Geneva Conventions, son.
I’m not. Don’t pretend that by denying Ukraine’s ask we would somehow be paragons of virtue.
Yes you are. They have other asks we ought to oblige, short of WWIII.
Thank you for reading my mind.
The debate on cluster bombs is the whole dead end story of war. The dreadful escalations that guarantee human suffering decades into the future. I was born in war, and in eight decades have only known war in this, our demented species. The Ukrainians are fighting for survival. I would give them the bombs.
Yup. Zelensky said “I don’t need a ride. I need ammunition”.
If it’s clusters he has asked for, it should be clusters that he gets.
Slavery was once legal.
Jim Crow was once the law in a large part of the country.
Japanese internment camps were once legal.
Black people could not vote. Legal.
Redlining by banks. Legal.
Women could not vote. Legal.
Putting a rape victim on trial, once perfectly legal.
Asset forfeiture is legal.
Abortion is illegal in a large part of the country. Women’s deaths, legal.
Shall I go on?
Think before you smugly condescend, old man.
I never said otherwise. But moral justifications are never self-explanatory. People have to make the justifications, and there is always the issue of where one crosses the line. There was no more justified war than World War II, and the vast majority of Allied actions were fully compatible with the law of necessity. But was turning Monte Casino into rubble worth it? The fire-bombing of Dresden, towards the end of the war? The sinking of the Cap Arcona? Different people will have different opinions.
I am fully in support of providing cluster munitions to Ukraine. But the administration must be prepared to offer a serious, and accurate, justification: the average person in America has no idea about how lethal it is to try to clear a mine field while under fire from the enemy.
Well I know many will disagree but my general approach is that if you don’t know shit about something, you don’t get to opine about it. And I don’t mean you, I mean we need to ignore the loud uninformed dopes who would push us to do stupid things because they’re ignorant or squeamish.
Sure, keep making a damn fool of your man-child self. By all means, please proceed.
Suuuuure! See D’Amanto, Al, for starters.
A wonderful proposal. That would shut down about 90% of talk about politics in America, and we would be the better for it.
I can dimly remember my youth in mid-20th century.
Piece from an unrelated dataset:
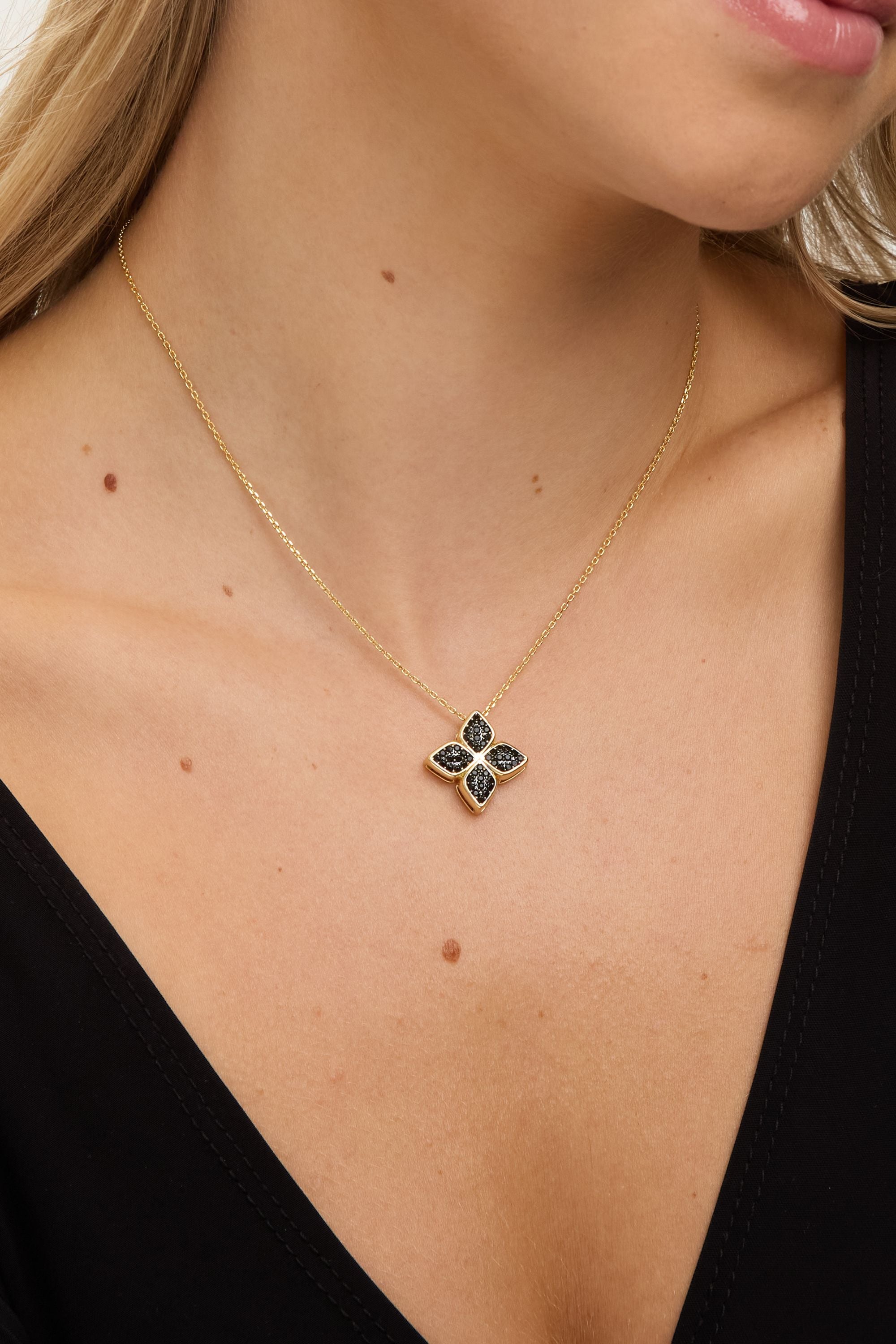 Jon Richard 14K Gold Plated and Jet Druzy Stone Clover Pendant image 2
People who didn’t know the answer would say simply, “I don’t know.” Now people loudly bloviate about the stuff the don’t know; see: Joe Rogan, et al.
As Mr. Dooley explained, “the problem ain’t ignorance, it’s people who know things that ain’t so.”
How about this. How about YOU go to Ukraine and stand on the battlefield and then you can tell us what’s the appropriate way for Ukraine to defend itself. Not sitting on your ass in total safety bloviating your self-important out of touch morality.
I couldn’t agree more. Ever since Fat Donnie waddled onto the scene saying “I don’t know” seems about as popular as saying that you have a little dick. Listening to that fat waste belch on and on when he’s faking an answer to a question he clearly knows nothing about makes everyone who hears it that much more stupid.
“Well, we’re looking into that and it’s a horrible thing, isn’t it? No one has ever seen anything like it. Just terrible. Horrible. We’re doing things no one has ever done.”
I just wish once someone would ask the one and only essential follow up, "Excuse me Mr. Trump, but what the fuck are you even talking about? Do you even know?
The discussion so far seems to leave out an important piece of the frame that we were shown recently: the U.S. isn’t running out of shells, but rather approaching the “one-and-a-half wars” reserve threshold that we have.
That means “give Ukraine cluster bombs OR send them nothing” is a false dilemma.
One alternative would be to send Ukraine regular shells from our reserves, and save the cluster bombs for use by the U.S. in the event that we become directly embroiled in a new “major war” while Ukraine is still consuming our regular shells.
Giving regular shells from our reserves today could allow us to avoid having to use any cluster bombs whatsoever, but it also allows us to say in that case that we did more to exhaust the alternatives before resorting to them, that we used them as “a last resort.” Today we can’t say that, because it’s not our last resort, it’s merely the resort that allows us to avoid dipping into our savings – and that is not a morally defensible position.
I will add, I don’t have a problem with the “one-and-a-half-war” policy, and I think now would be a real bad time for the U.S. to drop its guard. It just seems like a no-brainer to spend from our ample reserves if we can temporarily fill that hole in our reserve with the “dirtier” weapons which are just as effective.
Support Ukraine winning their peace: yes
Willing to use cluster bombs: if needed
Agree that the current moment demands cluster bombs: no
All of that said, I am no armchair general. I’m glad Biden & co have Ukraine’s back, and Biden seems averse to war crimes.
ETA: also, it makes a difference that Ukraine is asking for them so they can use them on their own territory. I was more concerned with the practical paths for avoiding something morally undesirable, not with second-guessing their own evaluation of their needs.